Quelques semaines après l’élection de Donald Trump, il a reçu le 30 novembre 2016 à Paris la (non moins) prestigieuse Médaille d’Or de la philologie (Gold Medal of Philology) délivrée par la Société internationale de Philologie. C’est la plus haute distinction universitaire dans le domaine de la critique littéraire (délivrée tous les cinq ans) et c’est l’équivalent d’un Prix Nobel (comme la Médaille Field pour les mathématiques). Ses principaux ouvrages sont "Syntactic Structures" (1957), "Aspects of the Theory of Syntax" (1965) et "Topics in the Theory of Generative Grammar" (1966).
Mais s’il est très célèbre du grand public, c’est surtout par son autre versant, celui du militant très actif contre toute forme d’impérialisme, et en particulier américain et plus généralement, "occidental", et en faveur d’une pensée libertaire et anarchiste. Ses positions ont donc été clairement contre le capitalisme, contre toute contrainte de pensée, contre toute propagande. Il a notamment décrit avec précision les manipulations politiques dont peuvent être victimes les peuples en modélisant le mode opératoire des propagandes, dans son célèbre livre "La Fabrique du consentement : de la propagande médiatique en démocratie" publié en 1988 et qui ne concerne que l’industrie des médias américains (co-écrit par Edward S. Herman, économiste ayant récusé le terme de "génocide" pour qualifier le massacre de 8 000 Bosniaques musulmans à Srebrenica commis des militaires serbes de Bosnie du 11 au 16 juillet 1995, et mort il y a un an, le 11 novembre 2017 à 92 ans).
Ainsi, son engagement contre la guerre du Vietnam a fait date aux États-Unis, notamment parce qu’il confortait les pacifistes avec des arguments intellectuels solides et précis. Engagé mais pas vraiment politisé, car il n’a jamais été ce qu’on pourrait appeler "marxiste" et ses combats politiques sont multiformes et guidés par sa cohérence intellectuelle, pas par un militantisme politique qui pourrait alimenter une certaine mauvaise foi (comme cela a été le cas parfois avec Jean-Paul Sartre).
Parce qu’il a condamné toute intervention "occidentale" au Cambodge, par exemple, on lui a reproché d’avoir soutenu les khmers rouges, ce qu’il a toujours récusé en disant que c’était comme si celui qui condamnait l’intervention soviétique en Afghanistan était accusé d’avoir soutenu les talibans qui ont pris le pouvoir par la suite. Il avait fait une analyse comparative entre les réactions "occidentale" sur le massacre commis par Pol Pot et l’invasion indonésienne du Timor oriental.

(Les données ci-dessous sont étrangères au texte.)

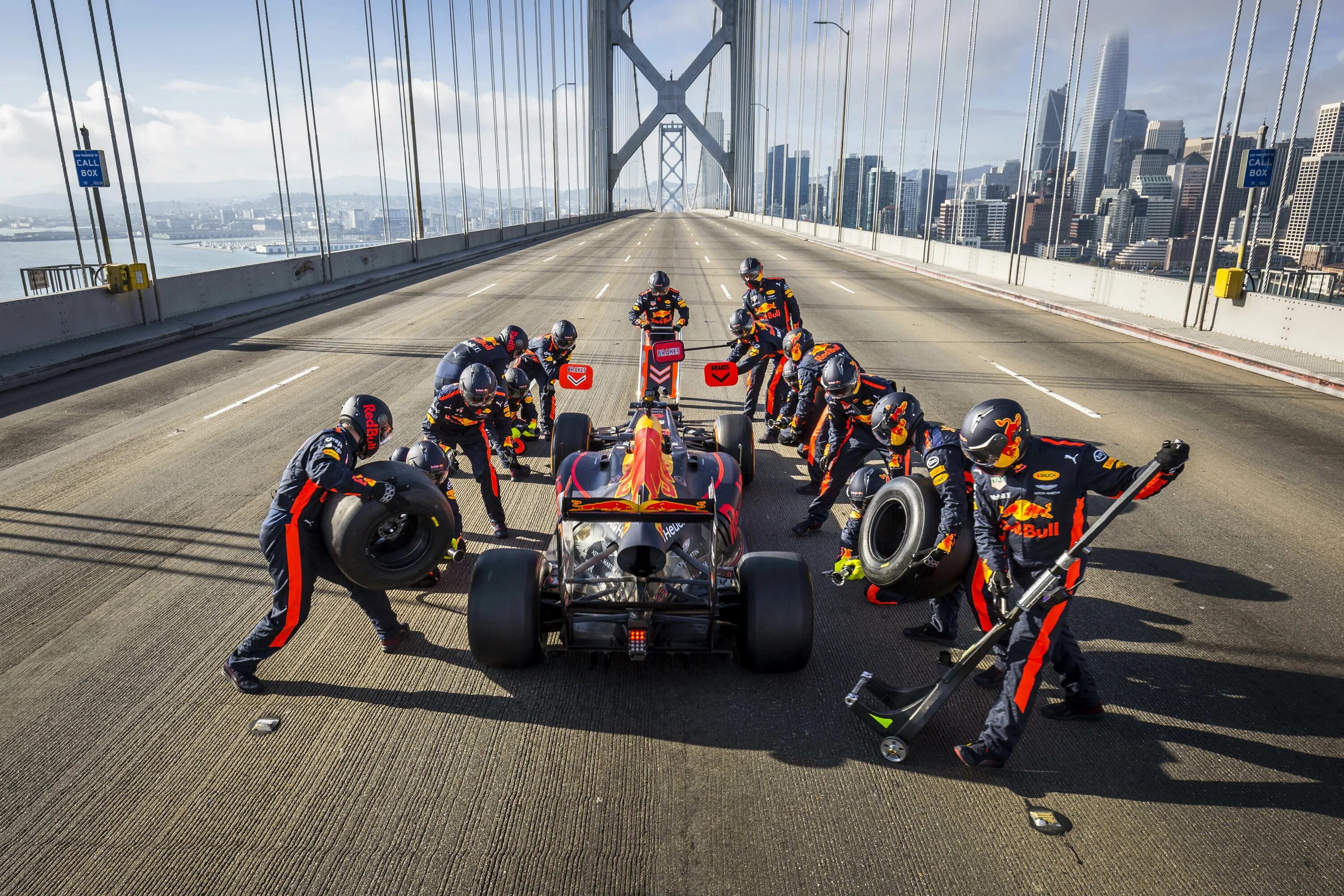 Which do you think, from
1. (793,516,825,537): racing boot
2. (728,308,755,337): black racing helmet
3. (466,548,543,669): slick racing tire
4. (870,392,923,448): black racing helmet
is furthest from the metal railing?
(870,392,923,448): black racing helmet

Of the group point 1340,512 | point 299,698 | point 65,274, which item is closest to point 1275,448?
point 1340,512

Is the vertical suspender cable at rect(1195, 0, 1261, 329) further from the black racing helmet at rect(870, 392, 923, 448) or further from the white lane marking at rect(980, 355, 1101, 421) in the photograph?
the black racing helmet at rect(870, 392, 923, 448)

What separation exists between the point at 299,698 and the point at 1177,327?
19795 mm

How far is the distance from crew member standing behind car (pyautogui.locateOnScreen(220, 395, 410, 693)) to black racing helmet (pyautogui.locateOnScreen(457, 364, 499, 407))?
5.66 feet

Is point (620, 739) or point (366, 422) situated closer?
point (620, 739)

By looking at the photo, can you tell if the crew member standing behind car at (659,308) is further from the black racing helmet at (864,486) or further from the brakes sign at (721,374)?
the black racing helmet at (864,486)

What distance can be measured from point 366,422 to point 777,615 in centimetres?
292

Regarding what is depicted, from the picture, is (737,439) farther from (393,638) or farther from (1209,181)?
(1209,181)

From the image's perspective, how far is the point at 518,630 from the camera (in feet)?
16.4

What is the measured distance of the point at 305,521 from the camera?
4961 mm

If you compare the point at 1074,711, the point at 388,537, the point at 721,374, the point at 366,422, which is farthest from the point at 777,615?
the point at 721,374

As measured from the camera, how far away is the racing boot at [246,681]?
5117 mm

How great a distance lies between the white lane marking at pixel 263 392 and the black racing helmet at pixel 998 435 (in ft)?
35.0

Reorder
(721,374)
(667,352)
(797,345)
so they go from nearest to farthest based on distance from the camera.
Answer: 1. (797,345)
2. (667,352)
3. (721,374)
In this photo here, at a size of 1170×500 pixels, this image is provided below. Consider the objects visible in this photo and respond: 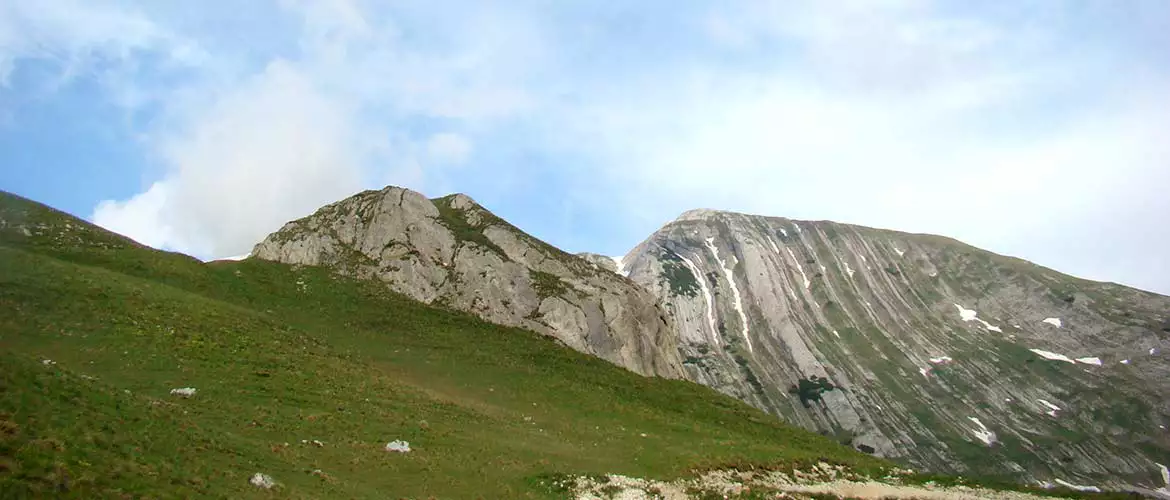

La densité de l’œuvre intellectuelle de Noam Chomsky est telle qu’il est peu réaliste d’en présenter un aperçu satisfaisant de manière si succincte. Je propose ici de seulement survoler deux ou trois éléments éparses de sa pensée.
En France, il y a eu une longue polémique qui concerne une véritable différence intellectuelle et culturelle entre la France et les États-Unis concernant la liberté d’expression. Aux États-Unis, la liberté d’expression est sacrée, elle est l’un des droits constitutionnels (premier amendement de la Constitution des États-Unis adopté le 15 décembre 1791), du reste comme en France, mais elle est prioritaire sur d’autres droits aux États-Unis, à la différence de la France.
Ainsi, les appels à la haine ne peuvent constituer un délit aux États-Unis car sinon, on remettrait en cause la sacro-sainte liberté d’expression (même en manifestant avec des insignes nazis). En France, au contraire, on veut aussi protéger l’ordre public et la sécurité des personnes. C’est pourquoi depuis le début de la Troisième République (loi du 29 juillet 1881 sur la liberté de la presse), il y a une autre tradition qui veut "encadrer" la liberté d’expression pour ne pas mettre en danger les personnes (pas de liberté sans responsabilité, d’où certaines restrictions).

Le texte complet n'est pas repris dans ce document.